Okay, looks like 64 was too extreme – we barely have any buckets at the point. On the other hand, there’s an explosion in the bucket side towards the left side of the graph where all frames are detected as duplicates. The sweet spot seems to be around the peak of # buckets at 20 or so. It seems like there’s something weird about the data point at 20 frames based on the max bucket size line. There’s only so much I’m willing to do to disprove an internet video, so let’s go with 24 for the resolution of the hash.
I replaced the hash function in the original one with a call to this new ahash function and re-ran the analysis. Lo and behold, tons of matches! There’s too many to display here, but I’ll show a few that are in the same bucket:
These are our duplicate frames.
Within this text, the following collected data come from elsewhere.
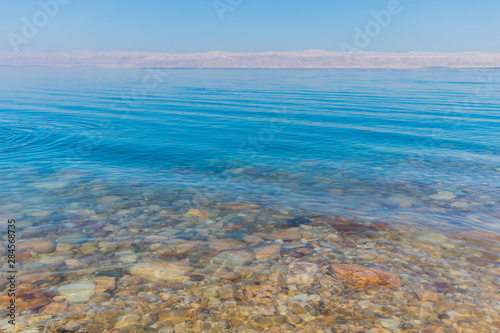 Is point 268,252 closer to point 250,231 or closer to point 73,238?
point 250,231

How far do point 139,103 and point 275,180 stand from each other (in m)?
31.3

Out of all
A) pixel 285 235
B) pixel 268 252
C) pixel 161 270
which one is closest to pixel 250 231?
pixel 285 235

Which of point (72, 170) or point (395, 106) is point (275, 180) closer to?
point (72, 170)

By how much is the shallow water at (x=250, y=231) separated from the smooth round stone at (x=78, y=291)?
33 mm

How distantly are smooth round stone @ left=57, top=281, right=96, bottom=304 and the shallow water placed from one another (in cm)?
3

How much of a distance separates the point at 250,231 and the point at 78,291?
445cm

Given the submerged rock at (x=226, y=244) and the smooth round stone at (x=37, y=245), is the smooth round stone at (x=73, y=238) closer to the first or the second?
the smooth round stone at (x=37, y=245)

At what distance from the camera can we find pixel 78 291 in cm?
626

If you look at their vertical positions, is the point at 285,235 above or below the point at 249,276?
above

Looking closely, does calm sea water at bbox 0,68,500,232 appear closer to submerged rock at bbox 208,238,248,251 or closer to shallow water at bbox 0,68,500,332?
shallow water at bbox 0,68,500,332

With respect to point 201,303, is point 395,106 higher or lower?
higher

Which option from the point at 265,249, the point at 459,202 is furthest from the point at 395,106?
the point at 265,249

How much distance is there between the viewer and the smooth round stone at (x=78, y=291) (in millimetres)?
6017

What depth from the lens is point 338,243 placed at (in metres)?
8.44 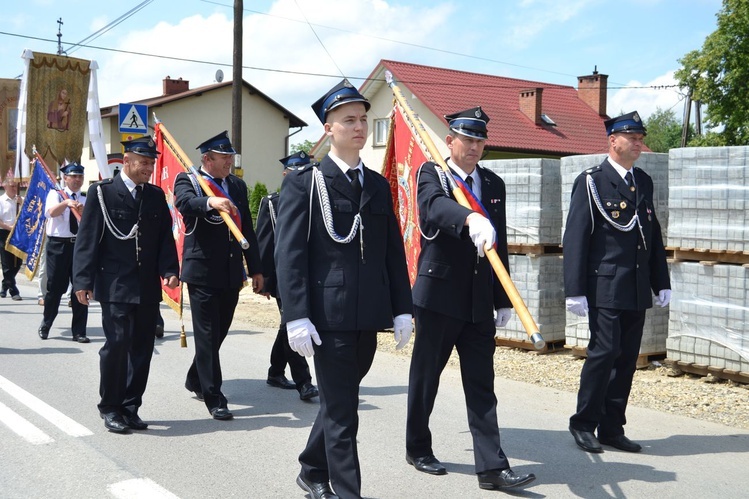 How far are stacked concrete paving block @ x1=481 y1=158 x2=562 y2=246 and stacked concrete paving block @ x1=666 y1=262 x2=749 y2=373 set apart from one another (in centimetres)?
151

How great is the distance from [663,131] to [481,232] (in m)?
103

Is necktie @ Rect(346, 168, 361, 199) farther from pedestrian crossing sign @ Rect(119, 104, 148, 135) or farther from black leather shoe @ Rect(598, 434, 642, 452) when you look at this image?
pedestrian crossing sign @ Rect(119, 104, 148, 135)

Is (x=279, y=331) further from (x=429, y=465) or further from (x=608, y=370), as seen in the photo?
(x=608, y=370)

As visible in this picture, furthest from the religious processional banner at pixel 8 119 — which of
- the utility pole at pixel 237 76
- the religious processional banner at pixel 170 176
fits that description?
the religious processional banner at pixel 170 176

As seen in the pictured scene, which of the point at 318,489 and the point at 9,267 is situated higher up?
the point at 9,267

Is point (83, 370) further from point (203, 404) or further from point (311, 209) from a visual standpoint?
point (311, 209)

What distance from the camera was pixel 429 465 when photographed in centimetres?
492

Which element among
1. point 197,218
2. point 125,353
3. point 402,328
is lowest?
point 125,353

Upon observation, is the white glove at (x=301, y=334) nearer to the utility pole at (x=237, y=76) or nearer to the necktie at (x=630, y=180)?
the necktie at (x=630, y=180)

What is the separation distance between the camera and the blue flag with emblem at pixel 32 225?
11.7 metres

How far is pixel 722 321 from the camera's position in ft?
23.9

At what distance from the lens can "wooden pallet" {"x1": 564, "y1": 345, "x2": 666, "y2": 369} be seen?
315 inches

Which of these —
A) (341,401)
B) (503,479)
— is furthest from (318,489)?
(503,479)

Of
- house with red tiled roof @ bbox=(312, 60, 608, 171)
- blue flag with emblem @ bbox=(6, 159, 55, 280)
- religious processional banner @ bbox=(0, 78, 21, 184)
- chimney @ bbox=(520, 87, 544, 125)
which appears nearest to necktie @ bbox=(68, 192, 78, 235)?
blue flag with emblem @ bbox=(6, 159, 55, 280) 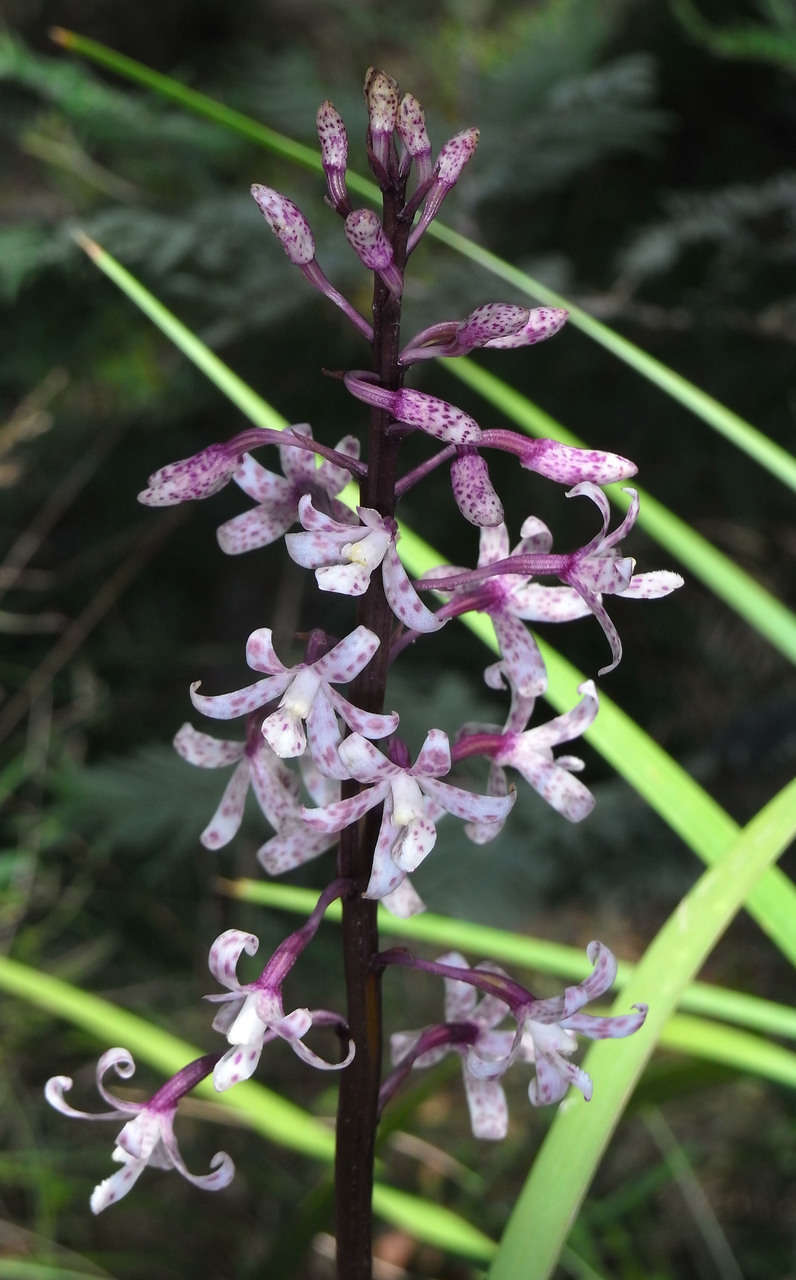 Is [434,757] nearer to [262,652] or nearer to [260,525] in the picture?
[262,652]

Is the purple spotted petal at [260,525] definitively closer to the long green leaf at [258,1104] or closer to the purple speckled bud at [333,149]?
the purple speckled bud at [333,149]

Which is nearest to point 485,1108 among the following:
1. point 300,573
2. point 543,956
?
point 543,956

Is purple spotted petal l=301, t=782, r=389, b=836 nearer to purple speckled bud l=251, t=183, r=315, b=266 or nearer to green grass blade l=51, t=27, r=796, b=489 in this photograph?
purple speckled bud l=251, t=183, r=315, b=266

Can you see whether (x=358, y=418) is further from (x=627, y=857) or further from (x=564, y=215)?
(x=627, y=857)

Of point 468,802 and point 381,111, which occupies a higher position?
point 381,111

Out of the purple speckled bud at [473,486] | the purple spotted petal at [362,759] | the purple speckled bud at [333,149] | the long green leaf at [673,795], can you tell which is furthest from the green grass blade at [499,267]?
the purple spotted petal at [362,759]

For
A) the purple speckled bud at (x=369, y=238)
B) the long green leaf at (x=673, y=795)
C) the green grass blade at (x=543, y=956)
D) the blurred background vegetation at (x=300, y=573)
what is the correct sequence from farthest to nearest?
the blurred background vegetation at (x=300, y=573) → the green grass blade at (x=543, y=956) → the long green leaf at (x=673, y=795) → the purple speckled bud at (x=369, y=238) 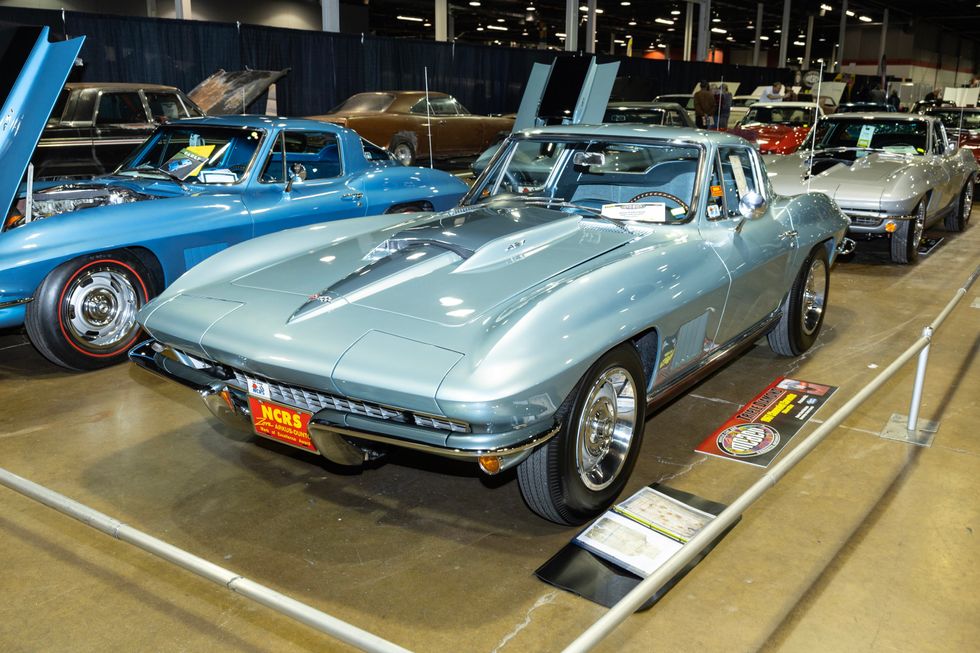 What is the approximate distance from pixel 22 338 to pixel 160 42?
29.0ft

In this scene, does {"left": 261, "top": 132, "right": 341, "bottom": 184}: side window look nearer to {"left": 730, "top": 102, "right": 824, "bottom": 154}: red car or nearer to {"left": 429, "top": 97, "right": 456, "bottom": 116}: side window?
{"left": 429, "top": 97, "right": 456, "bottom": 116}: side window

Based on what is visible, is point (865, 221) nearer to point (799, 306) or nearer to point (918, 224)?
point (918, 224)

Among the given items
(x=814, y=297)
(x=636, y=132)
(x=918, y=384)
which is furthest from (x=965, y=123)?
(x=636, y=132)

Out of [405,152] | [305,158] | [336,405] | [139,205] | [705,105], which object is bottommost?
[336,405]

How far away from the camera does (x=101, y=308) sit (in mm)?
4727

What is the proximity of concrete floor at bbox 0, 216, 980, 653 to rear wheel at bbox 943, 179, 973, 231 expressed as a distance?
654cm

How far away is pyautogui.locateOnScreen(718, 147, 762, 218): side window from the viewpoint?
4.12 m

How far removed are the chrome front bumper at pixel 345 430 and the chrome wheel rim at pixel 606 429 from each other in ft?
1.00

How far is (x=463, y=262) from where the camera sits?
3248 mm

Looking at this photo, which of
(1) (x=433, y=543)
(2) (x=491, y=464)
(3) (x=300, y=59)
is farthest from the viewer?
(3) (x=300, y=59)

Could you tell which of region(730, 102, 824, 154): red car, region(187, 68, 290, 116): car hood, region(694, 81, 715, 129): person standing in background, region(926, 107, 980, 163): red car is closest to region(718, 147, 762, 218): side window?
region(187, 68, 290, 116): car hood

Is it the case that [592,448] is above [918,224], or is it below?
below

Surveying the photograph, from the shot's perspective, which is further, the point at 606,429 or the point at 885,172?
the point at 885,172

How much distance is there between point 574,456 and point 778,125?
12.5 metres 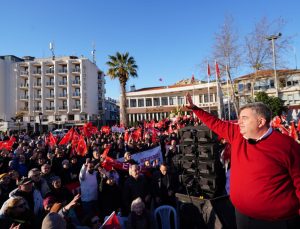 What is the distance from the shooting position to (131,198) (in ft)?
19.8

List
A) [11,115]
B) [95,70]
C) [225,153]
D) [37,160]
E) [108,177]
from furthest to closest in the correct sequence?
[95,70] → [11,115] → [37,160] → [225,153] → [108,177]

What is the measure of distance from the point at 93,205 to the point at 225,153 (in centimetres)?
346

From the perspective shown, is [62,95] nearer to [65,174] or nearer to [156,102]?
[156,102]

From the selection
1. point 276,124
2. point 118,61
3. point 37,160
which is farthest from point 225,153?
point 118,61

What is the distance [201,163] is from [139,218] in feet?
5.01

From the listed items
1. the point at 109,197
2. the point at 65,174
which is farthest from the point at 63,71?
the point at 109,197

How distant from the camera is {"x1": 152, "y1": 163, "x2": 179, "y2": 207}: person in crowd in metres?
6.23

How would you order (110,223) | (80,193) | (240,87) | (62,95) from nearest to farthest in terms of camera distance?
1. (110,223)
2. (80,193)
3. (240,87)
4. (62,95)

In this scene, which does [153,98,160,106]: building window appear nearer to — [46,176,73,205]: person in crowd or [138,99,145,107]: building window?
[138,99,145,107]: building window

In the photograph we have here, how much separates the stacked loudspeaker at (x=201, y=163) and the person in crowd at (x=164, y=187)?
843 millimetres

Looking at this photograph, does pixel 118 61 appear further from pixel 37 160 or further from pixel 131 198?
pixel 131 198

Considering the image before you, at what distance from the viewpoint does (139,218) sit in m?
4.85

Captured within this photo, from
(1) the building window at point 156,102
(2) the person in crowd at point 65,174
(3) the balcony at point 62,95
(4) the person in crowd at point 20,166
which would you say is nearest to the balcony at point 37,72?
(3) the balcony at point 62,95

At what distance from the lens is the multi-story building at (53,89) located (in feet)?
191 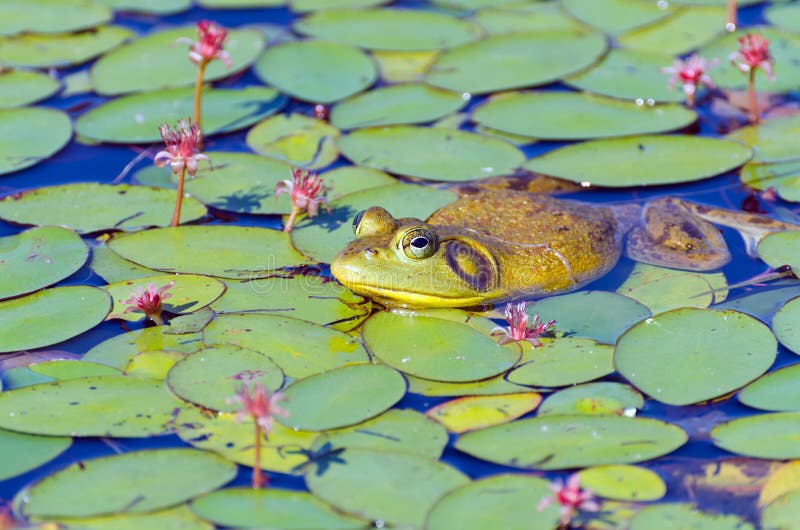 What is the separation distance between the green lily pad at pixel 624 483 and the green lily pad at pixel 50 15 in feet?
22.2

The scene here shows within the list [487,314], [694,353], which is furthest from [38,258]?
[694,353]

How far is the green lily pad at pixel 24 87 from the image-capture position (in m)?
7.96

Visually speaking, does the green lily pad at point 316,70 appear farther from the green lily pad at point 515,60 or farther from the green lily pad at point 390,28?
the green lily pad at point 515,60

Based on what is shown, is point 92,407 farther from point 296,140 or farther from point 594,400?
point 296,140

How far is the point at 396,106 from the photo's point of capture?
7926mm

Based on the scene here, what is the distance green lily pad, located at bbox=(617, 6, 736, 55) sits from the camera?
340 inches

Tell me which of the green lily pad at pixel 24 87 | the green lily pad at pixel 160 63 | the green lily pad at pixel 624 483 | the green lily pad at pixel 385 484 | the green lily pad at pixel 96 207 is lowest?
the green lily pad at pixel 385 484

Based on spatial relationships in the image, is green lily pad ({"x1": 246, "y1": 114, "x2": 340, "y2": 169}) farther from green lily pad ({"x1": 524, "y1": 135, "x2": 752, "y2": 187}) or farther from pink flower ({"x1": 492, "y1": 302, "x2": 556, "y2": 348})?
pink flower ({"x1": 492, "y1": 302, "x2": 556, "y2": 348})

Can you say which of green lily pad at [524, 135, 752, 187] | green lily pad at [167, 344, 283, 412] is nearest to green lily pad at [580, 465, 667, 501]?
green lily pad at [167, 344, 283, 412]

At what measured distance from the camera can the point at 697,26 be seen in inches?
348

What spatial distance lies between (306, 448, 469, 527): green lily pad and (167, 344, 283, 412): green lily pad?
683mm

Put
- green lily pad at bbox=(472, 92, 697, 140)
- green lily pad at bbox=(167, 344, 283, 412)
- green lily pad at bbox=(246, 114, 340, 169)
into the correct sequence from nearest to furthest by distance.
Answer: green lily pad at bbox=(167, 344, 283, 412) → green lily pad at bbox=(246, 114, 340, 169) → green lily pad at bbox=(472, 92, 697, 140)

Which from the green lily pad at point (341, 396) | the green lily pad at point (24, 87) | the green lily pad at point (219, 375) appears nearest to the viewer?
the green lily pad at point (341, 396)

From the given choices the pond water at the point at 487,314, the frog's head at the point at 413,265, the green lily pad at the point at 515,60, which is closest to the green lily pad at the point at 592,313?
the pond water at the point at 487,314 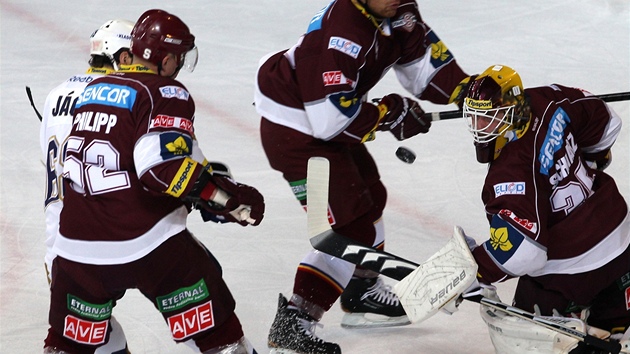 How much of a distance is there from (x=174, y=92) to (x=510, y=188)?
0.91 m

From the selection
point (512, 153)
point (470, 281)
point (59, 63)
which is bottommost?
point (59, 63)

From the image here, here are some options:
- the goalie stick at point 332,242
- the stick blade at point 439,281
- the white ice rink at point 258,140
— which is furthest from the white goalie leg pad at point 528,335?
the white ice rink at point 258,140

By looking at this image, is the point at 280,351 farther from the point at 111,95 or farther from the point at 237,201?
the point at 111,95

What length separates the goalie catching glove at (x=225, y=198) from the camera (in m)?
2.67

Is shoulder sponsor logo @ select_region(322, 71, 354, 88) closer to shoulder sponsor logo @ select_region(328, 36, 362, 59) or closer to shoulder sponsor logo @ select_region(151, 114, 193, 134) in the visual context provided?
shoulder sponsor logo @ select_region(328, 36, 362, 59)

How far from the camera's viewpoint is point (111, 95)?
8.82 ft

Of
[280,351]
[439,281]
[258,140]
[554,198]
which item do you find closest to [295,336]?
[280,351]

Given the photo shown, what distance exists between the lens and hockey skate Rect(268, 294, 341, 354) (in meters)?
3.34

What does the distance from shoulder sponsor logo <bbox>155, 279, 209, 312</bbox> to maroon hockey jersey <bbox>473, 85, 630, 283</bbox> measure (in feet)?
2.45

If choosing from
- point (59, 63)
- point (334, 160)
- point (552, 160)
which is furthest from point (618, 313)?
point (59, 63)

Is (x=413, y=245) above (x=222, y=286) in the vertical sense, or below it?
below

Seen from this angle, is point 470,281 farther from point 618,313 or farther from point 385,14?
point 385,14

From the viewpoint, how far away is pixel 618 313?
2959 millimetres

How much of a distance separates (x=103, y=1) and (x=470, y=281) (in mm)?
4621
Converting those to rough timestamps (in seconds) of when they occured,
In fact, by pure luck these duplicate frames happen right after he cuts the loops together. If you check out these duplicated locations, you can actually see the cut happen. It happens right in the middle of a slap! Now it’s not necessarily guaranteed that I got every match, but this is far more exhaustive than what we had before and I’m willing to call this one good enough.
I don’t follow this youtuber so I’m not sure if the video is an inside joke or anything – it was posted on April 1st – but this has definitely been a fun project to work out.